It was the first major job for the crews of the linked space station and space shuttle Endeavour, and highlighted their first full day together.
"We're here to work," the space station's skipper, Mike Fincke, called down. "This is the can-do crew."
More than 14,000 pounds of gear was stuffed into the 21-foot container that flew up on Endeavour and was hoisted onto the space station. It held an extra toilet, refrigerator and kitchenette, exercise machine and sleeping compartments, and a new recycling system for converting urine into drinking water.
Fincke called it "the goodies ... things needed for an extreme home makeover."
NASA cannot double the number of space station residents from three to six next year until all the equipment — most notably the water recycling system — has been installed and tested. Additional equipment will be launched in February.
Until now, the space station has been a one-kitchen, one-bath, three-bedroom house. That third bedroom is actually a makeshift nook in the U.S. lab. The orbiting outpost is on the verge of becoming a two-kitchen, two-bath, five-bedroom home and will have six full bedrooms in a few more months.
Mission Control burst into applause and cheers after astronaut Don Pettit announced that the hatch had been opened between the station and the cargo container, nicknamed "Leonardo."
"We're very proud to announce that Leonardo made it aboard the space station safely," Pettit said. "The hatch is open and no damage or anything is noted ... It looks beautiful."
Astronaut Sandra Magnus — the newest space station resident — spent Monday getting used to her new home. She flew up on Endeavour and promptly traded places with Gregory Chamitoff, who's headed home after a six-month mission. Magnus will spend 3 1/2 months on board.
Besides being moving day for the 10 space travelers, Monday involved gearing up for the first of four planned spacewalks.
On Tuesday, two of the shuttle crew will venture outside and begin the most complicated cleaning and lube job ever attempted in orbit. One of two massive joints that turn the space station's solar wings toward the sun has been jammed for more than a year; it's clogged with metal grit from grinding parts. They'll also squirt some grease onto the joint that's working fine, to prevent any future hang-ups. The work will fill up all four spacewalks.
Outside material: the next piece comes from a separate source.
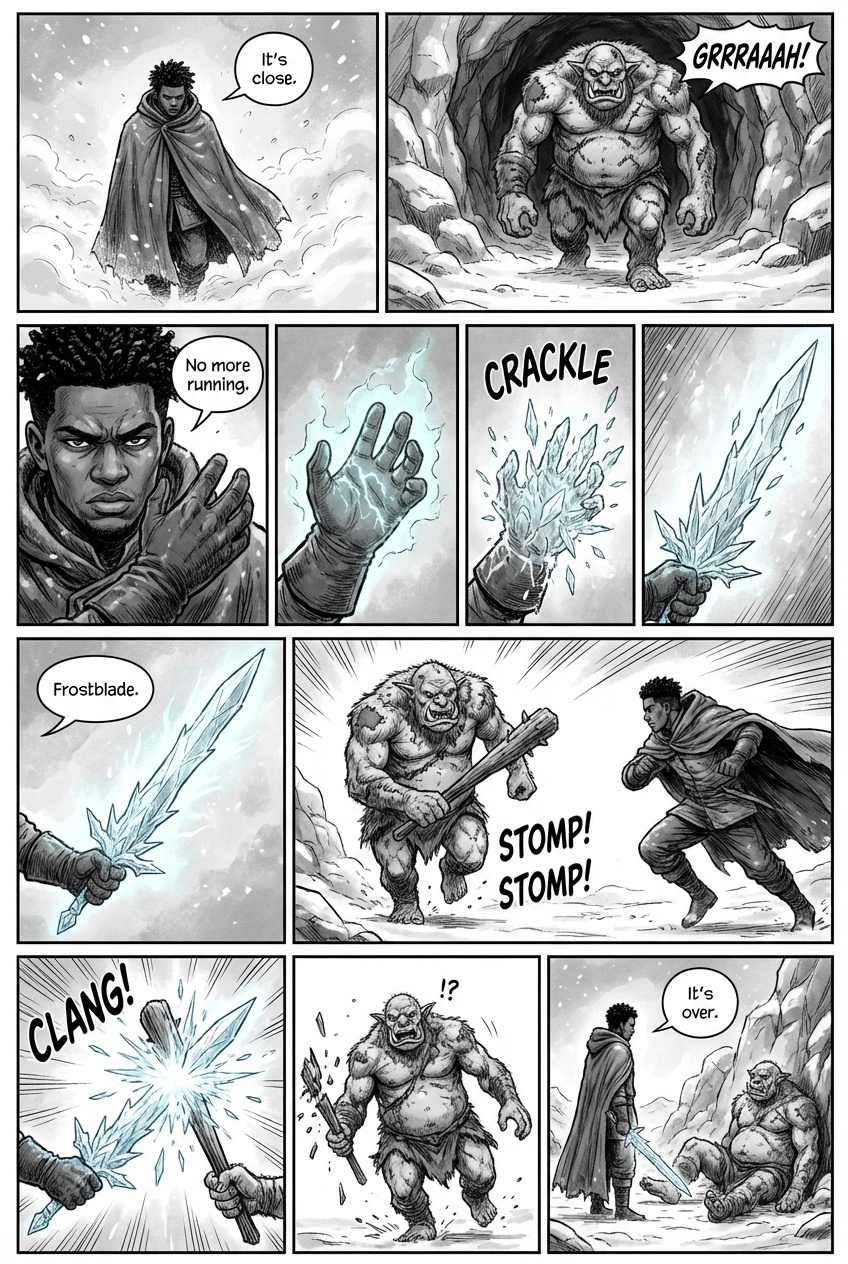 Black male using ice magic to form a sword to fight a troll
"We have a little cleaning and greasing to do," said astronaut Stephen Bowen, who will step out Tuesday. The objective is to make the joint "come back to life," he said.
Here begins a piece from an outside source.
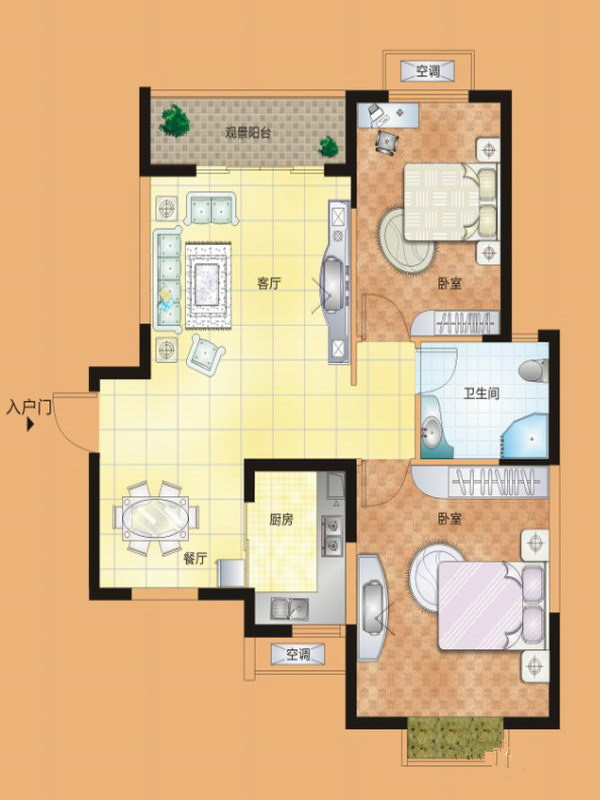 通利紫荆尚都-二居室-91.55平米-装修设计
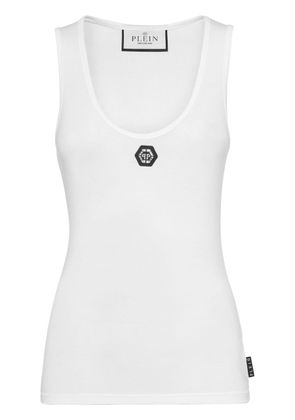 Philipp Plein logo-appliquéd cotton tank top - White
On Monday evening, the chairman of the mission management team, LeRoy Cain, reported that Endeavour's thermal shielding looked solid and that only a bit more analysis remained before being able to clear the shuttle for the ride home. Engineers have been poring over photos from Friday night's launch and Sunday's rendezvous with the space station, and data collected from the wing and nose cap inspections to ensure the shuttle sustained no serious damage.
Endeavour and its crew of seven will remain at the space station until at least Thanksgiving.